Senior managers think about the business, not technology. Granted, there are exceptions, but most CEO and CFO's I've met think about improving profitability (increasing revenue and decreasing cost), becoming more competitive, and planning for the future. Very few of them are focused on technology.
Sounds simple enough, but how do you relate infrastructure investments with financial benefits?
First of all, it may be difficult to present a million dollar investment, or even a $50,000 investment, as a tangible benefit. However, it isn't too difficult to present the cost of avoiding a risk when making infrastructure improvements.
For example, let's say you need to upgrade a server due to downtime issues you have been experiencing or that you are anticipating from the network monitoring feedback you are getting and you believe the cost will be $25,000.
Senior managers base such spending decisions on several things: 1. Is it cost justified and will the expenditure have a return on investment (ROI)? 2. Is there a material risk if we do not spend the money? 3. Does the requestor have a good business case? 4. Does the requestor have a good track record and credibility?
Do not underestimate the value of establishing a good track record of doing things you say you will do. Managers who deliver the goods and do what they say they will do earn valuable credibility with senior managers. In my career, I can honestly say that this piece has had as much to do with me getting projects funded as having a good business case. Trust is a huge factor.
Let's take the server and let's assume that the company's accounting applications reside on this server. That means the people who manage accounting, accounts payable, payroll, purchasing, and accounts receivable are the users who will be affected if the server goes down.
To build a financial business case, you can start by pointing out the disk errors that have been detected by your monitoring systems and that these "spikes" point out potential hardware failure. You can add the fact that the server is older technology and that the server in question is approaching the average life that is defined by the industry or by the vendor.

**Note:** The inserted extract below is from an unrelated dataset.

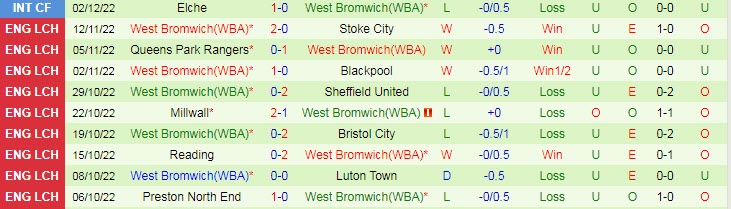 Soi bảng dự đoán tỷ số chính xác Sunderland vs West Brom, 3h ngày 13/12 - Ảnh 3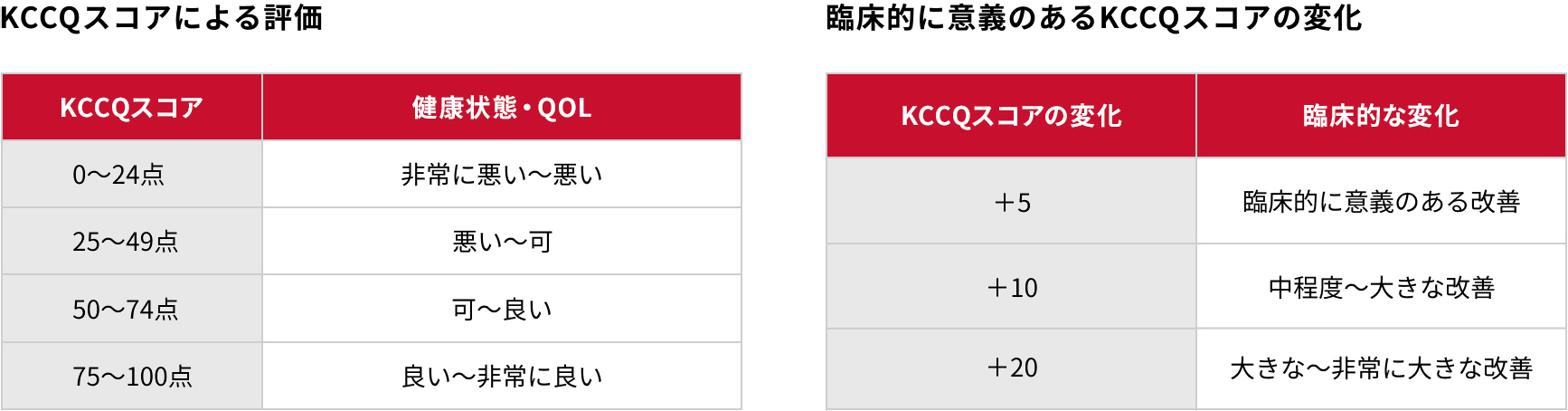 カテーテル治療（TAVI）によるQOL改善効果（STS/ACC TVT registry)の結果。KCCQスコア。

The last part is to put some dollars on the value of an hour of downtime. This is the "risk factor" that you need to emphasize to the senior manager who needs to understand the issue and make a decision to fund the $25,000 for a new server. Follow the steps below to develop the cost of an hour of downtime.
1. List the employees who are materially affected by downtime of this server (all employees in accounting, purchasing, accounts payable, accounts receivable, etc. 2. Approximate each person's annual salary. 3. Total the salaries of the affected people. 4. Do the same for people partially affected and use a percentage factor of how much they are affected (25%, 50%, etc.) 5. Add up the total annual salary dollars. 6. Divide the total by 2,080 hours to get the employee productivity dollar equivalent of an hour of downtime.
You will be surprised at how much impact on productivity this is. You can also show a full day of downtime and the cost it has on the company. If you have encountered downtime in the past, you have more justification for your concerns and need to replace the server.
Sometimes, a CFO will challenge the number by saying, "When we are down, our people can do other things such as filing, follow-up phone calls, etc." That's true, but it still impacts the business operation. If you don't believe it has a 100% impact on certain people's productivity, have the CFO give you a impact percentage that he will agree to. Even using a diluted factor of 50% still has big cost ramifications for the company.
You can use the same approach to help justify a network upgrade to address remote office challenges. If the remote office circuit goes down, virtually anyone in the remote office that is dependent upon the central server applications will lose productivity. Using this "risk factor" approach will work in most situations where you need to upgrade equipment or networks to maintain a stable systems environment.
Establish credibility, relate risk in financial terms, and recommend only the projects that have true justification to maintain a stable environment and you will have a much better chance of getting your projects funded.